Grzegorz Szymusik: “Zabrakło nam nieco odwagi”
– W drugiej połowie zbyt mocno skupiliśmy się na obronie i zabrakło nam trochę odwagi – mówi Grzegorz Szymusik, strzelec...
– W drugiej połowie zbyt mocno skupiliśmy się na obronie i zabrakło nam trochę odwagi – mówi Grzegorz Szymusik, strzelec jedynego gola dla Warty Poznań w meczu z GKS Tychy (1:1).
W 32. minucie niedzielnego spotkania prawy obrońca “Zielonych” wykorzystał znakomite dośrodkowanie z rzutu wolnego i głową wpakował piłkę do bramki GKS Tychy. Po tym trafieniu poznaniacy prowadzili 1:0, ale ostatecznie mecz zakończył się remisem 1:1. Wyrównująca bramka padła w 89. minucie, po strzale Łukasza Grzeszczyka. – W przerwie zaplanowaliśmy sobie, że spróbujemy wyjść z kontrą i dobić rywala, ale to nam się nie udało. Można powiedzieć, że ta stracona bramka była nieco przypadkowa, bo po kilku przebitkach zawodnik gości wyszedł sam na sam z bramkarzem – uważa Grzegorz Szymusik.

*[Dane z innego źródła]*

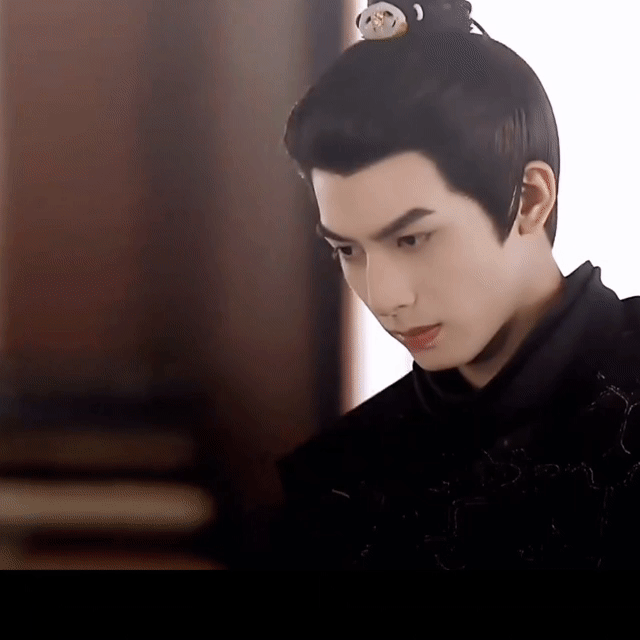 宋威龙古偶男妲己宋威龙不语只是一味的帅是真360度无死角帅哥，我们有救了[抱一抱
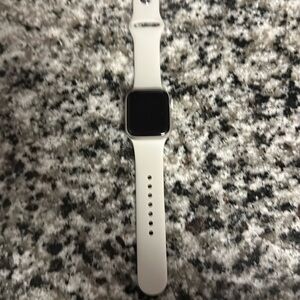 Apple Watch SE (second generation)40mm  / Starlight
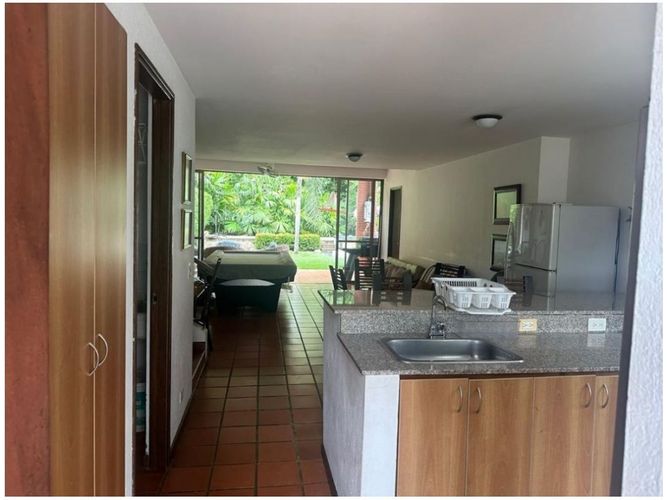 Casa de 4 alcobas en venta en Medellín, 300 m² · foto 6 de 24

Mimo, że “Zieloni” w ostatnich minutach wypuścili z rąk niemal pewne zwycięstwo, to niespełna 21-letni zawodnik docenia wagę zdobytego punktu. – Każdy zdobyty punkt zwiększa nasze szanse na osiągnięcie celu. Jeżeli jednak chcemy się utrzymać w lidze, to powinniśmy punktować nieco częściej – przyznaje.
Dla Grzegorza Szymusika, który występuje w Warcie Poznań od początku tego sezonu, było to drugie trafienie w oficjalnym występie w zielono-białych barwach.